How expert wine fraud detector Maureen Downey uncovers counterfeiters and is using blockchain to simplify authentication
- Maureen Downey is a top wine fraud detector, helping US law enforcement crack multimillion dollar cases involving Rudy Kurniawan and Hardy Rodenstock
- She is looking to expand her team of wine authenticators and will host workshops on the practice in Hong Kong on March 2 and 3
Maureen Downey still remembers the faxes she received at her first auction-house job from Hardy Rodenstock, an alleged counterfeiter who would later sell US$2 million worth of suspicious wines purported to have belonged to late US President Thomas Jefferson.
Rodenstock was inquiring about minute details of 1955 Chateau Gruaud Larose magnums, his favourite.

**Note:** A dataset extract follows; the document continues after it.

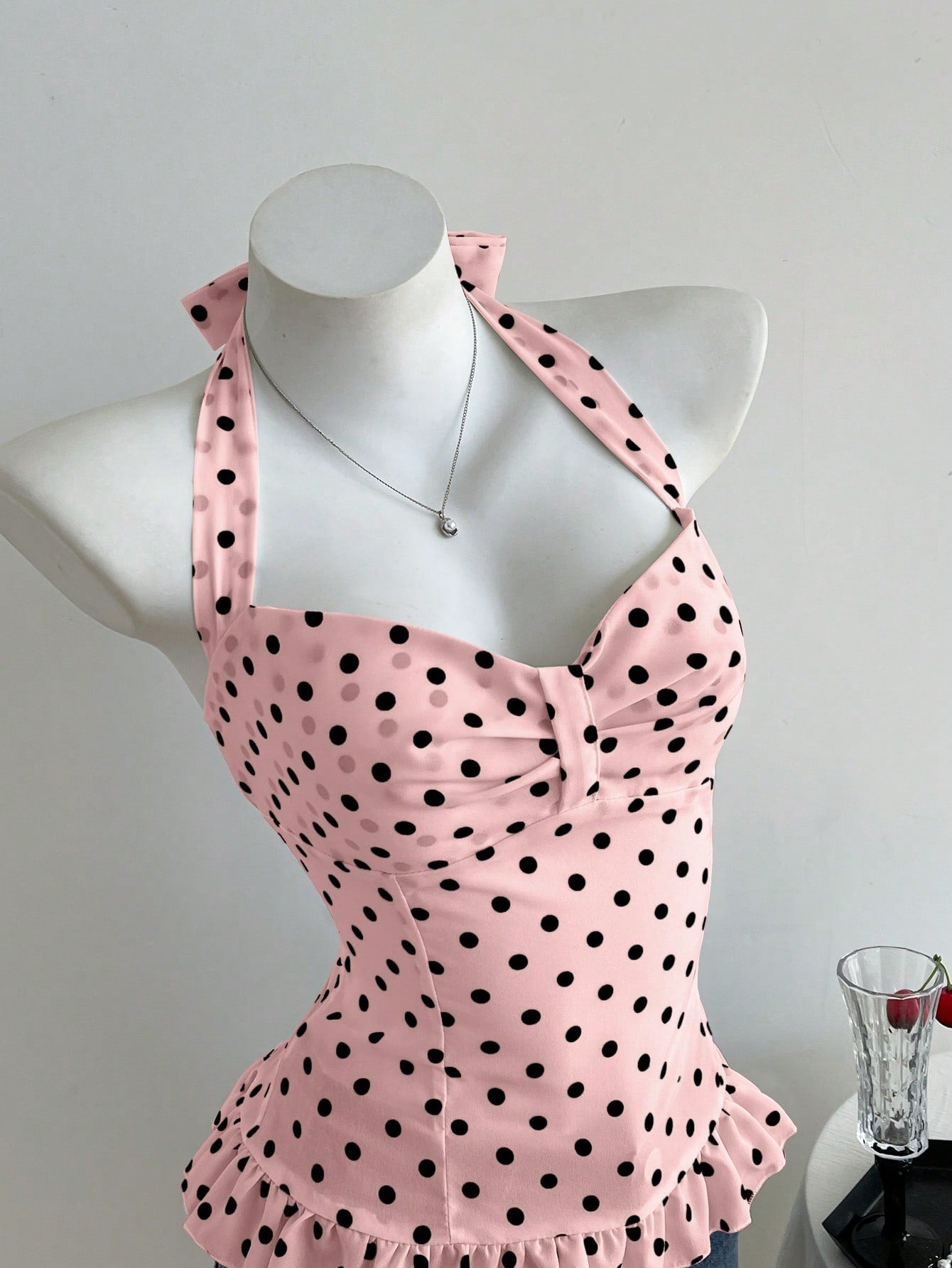 Women's polka dot halter camisole with bow bust detail, ruched and shirred design, slim crop fit, and flared ruffle hem.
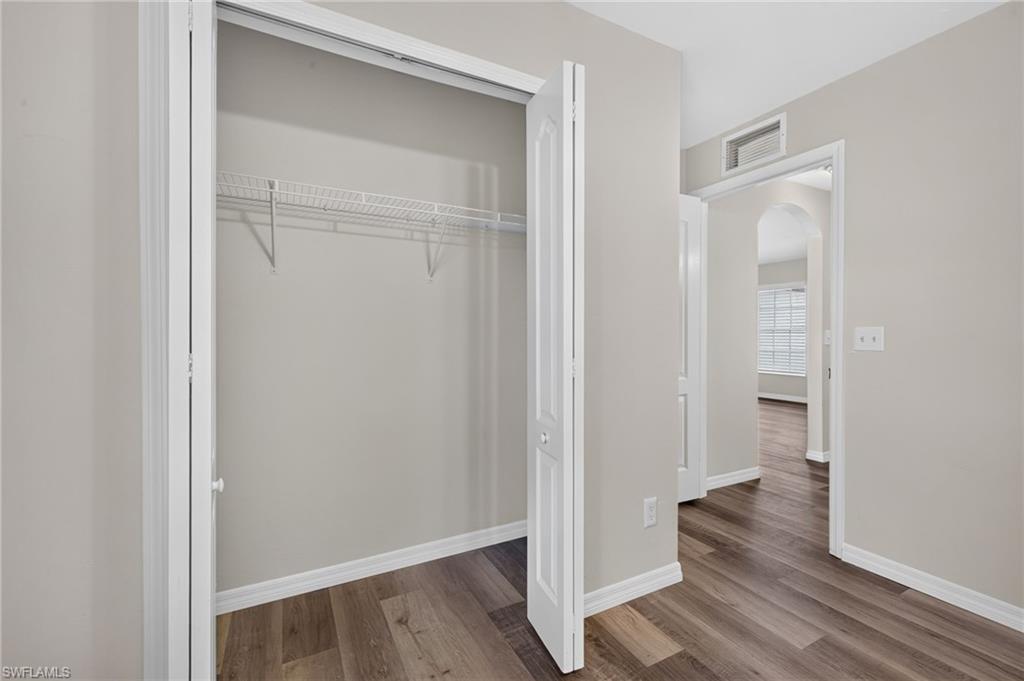 Wood-finish flooring throughout, with neutral wall paint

“He asked about the bottles’ measurements, the glass, what’s written on the lower left corner of the label,” Downey says. “That was the beginning of my systematic approach to wine authenticating. I was taught by a counterfeiter.”
A graduate from Boston University, Downey is a self-educated wine expert and one of the industry’s best known fraud detectors.
Her knowledge is vast and diverse: she learned about glass from American artist Dale Chihuly and paper from a conservationist at The Metropolitan Museum of Art in New York City. She has worked in restaurants and auction houses.
Eventually, her name reached the ears of American law enforcers – including the FBI and the US Department of Justice – who sought her expertise in cracking two infamous cases involving Rudy Kurniawan, who sold fake wines for US$1.3 million; and Rodenstock.